神戸のカフェで往時を偲びつつ・・・ ★★★★★
 サマセット・モームは僕の好きな作家の一人ですが、これはモームのショート・ストーリーを集めた本で、午後のカフェで読むには最高ですね。
 この中に神戸の塩屋〜垂水界隈を舞台にした『A Friend in Need』という作品があります。明治時代に活躍した英国の商人たちを題材にした話で、酒とギャンブルで身を持ち崩してしまった男がビジネスをやり直したいからと友人のところに金の無心にやってきます。
 友人は塩屋の浜から沖に浮かぶ灯標(平磯灯標のこと)まで泳いで行き、浜に戻ってきたら金を貸すことを約束します。男は灯標までの距離がさほどではないことに安心して泳ぎ出すのですが、明石海峡の強潮に流されて溺れ死んでしまうという話です。

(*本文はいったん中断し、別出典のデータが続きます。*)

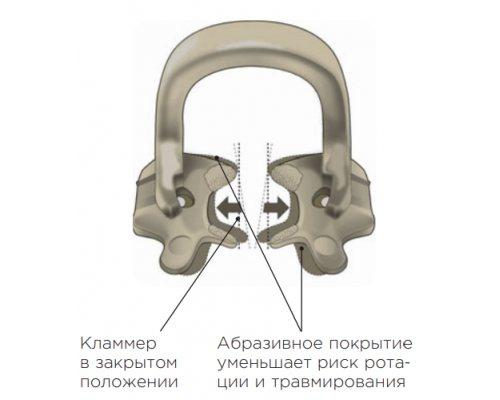 SoftClamp универсальные пластиковые кламмер для жевательной группы зубов Kerr (5 шт.), арт. 5250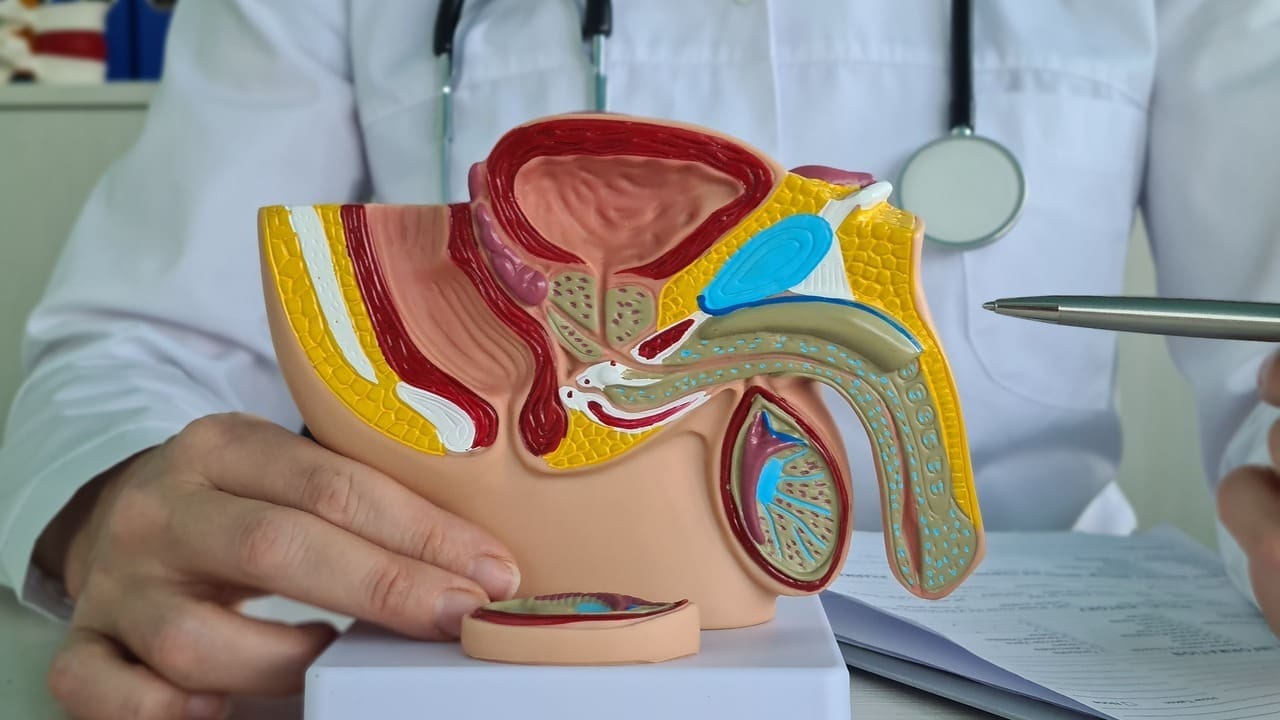 does prostate removal cause infertility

 僕が子供の頃、舞子〜垂水〜塩屋に至る海は毎日の遊び場でした。早い潮の流れる海峡は決して安全ではありませんが、僕らは板切れや丸太を抱いて沖に出てわざと潮に流されていく、「河童の潮流れ」という遊びをよくやったものです。
 モームは神戸と英国の間を行き来する商人たちから、塩屋での彼らの暮らしや、沖を流れる明石海峡を流れる早くて複雑な潮の話を聞きながら、この作品のアイデアを思いついたのかも知れません。